Thanks for your feedback. I usually don't care about how others think of me. 
In the US, I've never experienced this "look" from other people so I was a bit surprised rather than felt uncomfortable. 
Once I stepped out of the lounge, people don't give a shiiiet about us. lol That is why I was puzzled what I did wrong/right in the lounge to get other's attention even though I did not do anything crazy other than just sitting in the lounge and enjoying my first carbonated water.

P.S. My 1 year old did ok during 10 hour flight. Of course we had to keep her entertained and feed junk food, but she did not scream or kick people in front of her. 
Lufthansa was great. They let families with small children go on board first and gave us Lufthansa souvenirs for my daughters.


----------



## bknauss (Jan 2, 2008)

Americans simply stick out in Germany.


----------



## JSpira (Oct 21, 2002)

Maybe they were staring because they were thinking
1.) we should have dressed more comfortably and
2.) we should've taken the kids


----------



## Boile (Jul 5, 2005)

Maybe your fly was unzipped.


----------



## ucdbiendog (Nov 19, 2007)

here's my experience:
Day 1 at welt: we went up to the premo lounge to schedule the factory tour. hung around while we waited for a couple hours. that day we were dressed verry casually, pants and t-shirt basically. 
Day 2 at welt: pick-up day, dressed a little nicer, nice jeans, button up shirt, etc.
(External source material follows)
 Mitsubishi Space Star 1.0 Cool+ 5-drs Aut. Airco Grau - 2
Both days, didn't really notice anyone looking funny at us. maybe thats because we were too jet lagged to care though.


----------



## JSpira (Oct 21, 2002)

I didn't wear anything out of the ordinary either.


----------



## Calif65GM (Mar 27, 2005)

I think I had jeans on and a polo shirt and no one stared at me or appeared discriminatory. Did you check-in before grabbing a seat in the lounge? BTW I'm Asian too. Then add on the fact that the "ugly" American/Asian says "good morning", "good afternoon" or "thank you" in German to them then they're really caught-off guard.
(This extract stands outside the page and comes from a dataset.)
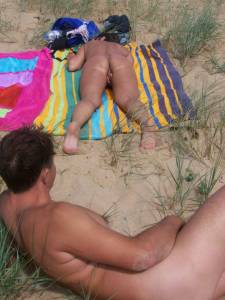 Wife Vacation + Teasing Beach Guy (154 Pics)-j7fd54xfks.jpg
Honestly I think the real issue is that they were probably surprised by having an Asian family/tourists traveling alone and not with a tour group because that's the typical way that Asians travel. If you saw any Asians in Europe, you probably saw them in a tour group and not traveling individually. BTW I know I'm profiling.

I'm actually surprised because many Germans and especially those in the Hitler regions are very ashamed of their past history and would not be caught dead being discriminatory according to one guide that I had during my cruise through Nuremburg.


----------



## jvr826 (Apr 22, 2002)

When I went to Europe a bunch of years ago, people all looked at me like my junk was hanging out. 

I had broken my ankle a month before, so I couldn't wear any footwear other than oversized Teva sandals, which I paired up with a stylish white crew sock to hide my elephant foot and ankle.  I sure was comfortable, but...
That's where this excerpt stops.